Intelligence is not about following others or about indulging in our own prejudices. It isn’t about adhering to an abstraction of the good life or finding an absolute answer for everything. Genuine intelligence comes from not rejecting our own souls. We must never stop questioning, doubting, investigating. We need to be mindful of life, sensitive to our feelings, thoughts, and perceptions.
Pema Chodron, Buddhist nun and author, said “To the degree that we look clearly and compassionately at ourselves, we feel confident and fearless about looking into someone else's eyes. ” When we are not able to clearly look within ourselves, when we are not brave enough to confront our own confusion or pain, when we harden our hearts, we will cause ourselves and others suffering. We cannot live in this world without a gentle awareness of who we are. Our ignorance will be our downfall. We need to be mindful of our own darkness, compassionate toward ourselves and others.
Furthermore, as Chodron said, “feelings like disappointment, embarrassment, irritation, resentment, anger, jealousy, and fear, instead of being bad news, are actually very clear moments that teach us where it is that we’re holding back. They teach us to perk up and lean in when we feel we’d rather collapse and back away. They’re like messengers that show us, with terrifying clarity, exactly where we’re stuck. This very moment is the perfect teacher, and, lucky for us, it’s with us wherever we are.”
There is no absolute method to find the truth of our lives. We come into self-knowledge through our sensitivity to what changes. Sometimes we are afraid because, deep inside ourselves, we will find no solid answers to our pain, our sorrow, our confusion. There is an uncertainty, a groundlessness, which we are aware of. It is easy to hide, to run, to ignore that uncertain feeling. Most of our patterns in life stem from our fear of not knowing.

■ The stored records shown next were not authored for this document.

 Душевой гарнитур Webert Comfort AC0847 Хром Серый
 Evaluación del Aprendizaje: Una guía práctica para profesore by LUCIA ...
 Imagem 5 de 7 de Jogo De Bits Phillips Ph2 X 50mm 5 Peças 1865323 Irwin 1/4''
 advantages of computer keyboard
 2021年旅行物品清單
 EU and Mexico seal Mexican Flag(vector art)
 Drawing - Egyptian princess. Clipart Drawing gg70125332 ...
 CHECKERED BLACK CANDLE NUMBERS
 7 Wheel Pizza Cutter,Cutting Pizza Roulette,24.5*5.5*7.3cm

Our thoughts alone are limited. We live with a notion of Self—conditioned from experiences, memories, books we have read, teachers we have listened to, commands from our parents, instructions in schools, and so on. Death threatens our notion of Self—an ending to all our memories, to all the conditions that make up our permanent, isolated egos—and we tremble before our own annihilation. We seek security to hide, to not confront our fear. To be free is to be mindful of our fear and hate, desire and resistance, likes and dislikes. In silent awareness, we do not have to believe in anything. We do not have to belong to any group or religion or philosophy. We are not apart from everything else, floating down the river.
We are the river.
As Jiddu Krishnamurti said, “That silence has never been touched by thought, and only then that for which man has searched from time immemorial, something sacred, something nameless, supreme, comes. It is only that mind that is so utterly free from all the travails of life; it is only such a mind that can find the supreme. That means meditation, which is the expression of daily activity.”

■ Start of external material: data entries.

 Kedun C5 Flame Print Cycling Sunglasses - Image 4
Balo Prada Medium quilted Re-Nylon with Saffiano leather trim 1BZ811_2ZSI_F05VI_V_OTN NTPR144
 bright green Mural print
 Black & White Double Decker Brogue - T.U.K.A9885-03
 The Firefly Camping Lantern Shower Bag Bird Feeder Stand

When mind understands its movement, its thoughts and feelings, there is no judgement. There is no condemnation. From riding in a bus down a country road to sitting in a yogic pose, from hiking in the wilderness to laying to sleep, every moment is a practice of self-awareness. Life then isn’t merely the abstraction of what is good. It is the sight of our lover’s face, filled with light over their lips and the shadows in their hair. It is the unity of the breath with the birds singing, the plane humming over a mountain top, the leaves curling over grass.
There’s no longer a fragmentation of life, only a transforming world.